Raw: here you will store data in its true form, the way it came from the source without modifications.
Transformed: after transforming data, treating possible problems such as standardization, missing values and those kind of problems, data will be loaded here. That data will be useful for data scientists.
Enriched: for analysis you will have to enrich data. You may want to create a One Big Table (OBT) that suits your business rules so that you can have all information an analyst will need in one place. That’s the data that will be stored on this layer.
Data warehouse
Now that your data is already on your data lake, transformed and enriched, it is time to send it to a data warehouse! I have been using Redshift for a while now and I have been having a great experience with it. It is a very performing and reliable solution with a fair price. Redshift also provides a very great resource, called Redshift Spectrum, that makes it possible to query data directly from your data lake on S3.
What is data worth for if people cannot access it? As the last step, you will need to integrate a visualization tool to your pipeline. The tool I chose to use for that was Metabase.

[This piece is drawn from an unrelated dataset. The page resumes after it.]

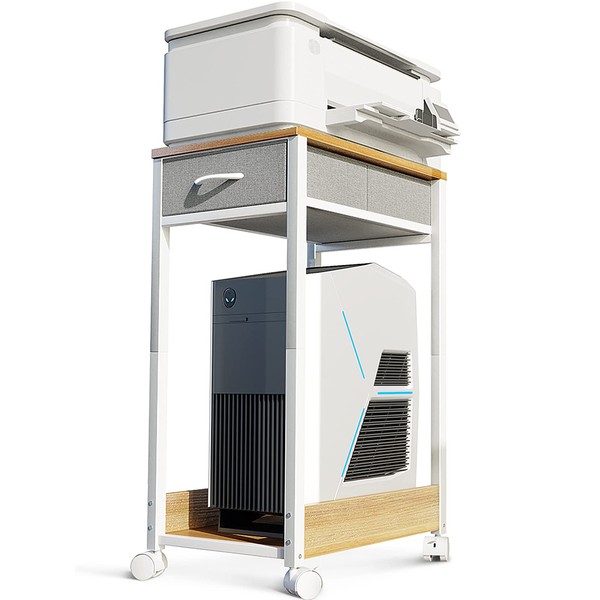 KKL Printer Stand with Storage, Computer Tower Stand with Fabric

Metabase is a great open source visualization tool. It offers an intuitive and user-friendly interface so that users with no knowledge of queries, SQL and those stuffs will be able to explore data and create graphs and dashboards to visualize their results. Metabase also allows users to define notifications via email and slack, to receive scheduled emails informing about defined metrics or analysis, to create collections where you can group data by company’s divisions, to create panels to present your analysis to restrain access to user groups and so on.